心材のCu量は0.05%以下に制限する。Cu量の低減によって、心材にAl-Zn系合金やAl-Si-Zn系合金のような犠牲陽極材をクラッドした場合、ろう付け後に大きな犠牲陽極効果が得られる。心材のCu量が0.05%を超えるとろう付け中に外面クラッド材方向へのCuの拡散により、外面クラッド材が電位的に貴化するため、犠牲陽極効果が小さくなる。さらに好ましいCuの含有範囲は0.03%以下である。
Mgは心材の強度を向上させるよう機能するが、Mgはろう付け時に心材からろう材方向に拡散し、表面に塗布されたフッ化物フラックスと反応して高融点の化合物を形成し、フラックスの活性を低下させろう付け性を低下させる。含有量が0.5%を超えるとその影響が顕著となるので、Mgの含有量は0.5%以下とする。Mgのさらに好ましい含有範囲は0.3%以下である。
Si:
外面クラッド材に適量のSiを添加することにより、外面クラッド材中に少量の液相を生じ、外面にベアフィン材あるいはアルミニウム板材を接合することが可能となる。Siの好ましい含有量は3~10%の範囲であり、3%未満では十分な液相が生じず、ベアフィン材あるいはアルミニウム板材との接合部に健全なフィレットが形成されない。含有量が10%を超えると外面クラッド材の大部分が溶融してしまい、ろう付け時に、添加しているZnも流動してしまうため外面クラッド材が犠牲陽極材として作用しなくなる。Siのさらに好ましい含有範囲は3.5~8.5%である。
外面クラッド材へのZn添加は、ろう付け時にZnが心材に拡散し心材の板厚方向にZnの濃度勾配を形成するよう機能する。

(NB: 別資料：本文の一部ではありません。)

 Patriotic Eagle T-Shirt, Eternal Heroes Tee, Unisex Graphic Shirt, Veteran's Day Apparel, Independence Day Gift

これにより外面クラッド材が心材より電位的に卑化し犠牲陽極材として作用するため、板厚方向への腐食の進展を抑制することができる。本発明においては、外面クラッド材にSiが含有されており、Siは固溶することにより電位を貴化させるためZnの電位卑化効果を相殺する。さらに、Siの含有により生じた液相にZnが含有されるため、一部が流動し残存Zn量が低下する。Znの好ましい含有量は1~10%の範囲であり、1%未満ではZnの電位卑化効果が十分でなく、10%を超えると、上記の効果は十分に得られるが相手材との接合部に形成されたフィレットの早期腐食を招くようになる。Znのさらに好ましい含有範囲は2~9%である。

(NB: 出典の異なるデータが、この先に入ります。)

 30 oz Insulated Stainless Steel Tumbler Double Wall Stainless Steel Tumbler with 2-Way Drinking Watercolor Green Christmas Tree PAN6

本発明においては、外面クラッド材にSiが含まれているため、ろう付け時に一部が溶融しろう付け後は凝固組織となる。このため、外面クラッド材は初晶と共晶の2相となり、共晶部は初晶部に比べて電位が卑であるため初晶部より優先的に腐食することとなる。共晶部が腐食してしまうと初晶部の周囲が無くなってしまうため、粒状のまま脱落してしまう。犠牲陽極効果を有する初晶部が脱落することは、犠牲陽極材が効果を発揮することなく消失してしまうことになるため、心材が早期に腐食して貫通に至る。これを抑制するには初晶を粗大化し、共晶の優先腐食が生じても初晶が脱落するのを困難にするとともに、初晶中にも電位の卑な部分を形成させる必要がある。Mnの添加は、初晶を粗大化して、初晶の脱落を抑制することができ、かつ初晶中にAl-Mn-Si系化合物を形成し、Al-Mn-Si系化合物の周囲に形成されるMn、Siの欠乏層が電位の卑な部分となり、相対的に共晶部の優先腐食を抑制するよう機能する。Mnの好ましい含有量は0.3~1.8%の範囲であり、0.3%未満ではその効果が小さく、1.8%を超えると、Al-Mn-Si化合物形成によって外面クラッド材のSi濃度低下が顕著になり、生じる液相量が低下する。Mnのさらに好ましい含有範囲は0.3~1.3%である。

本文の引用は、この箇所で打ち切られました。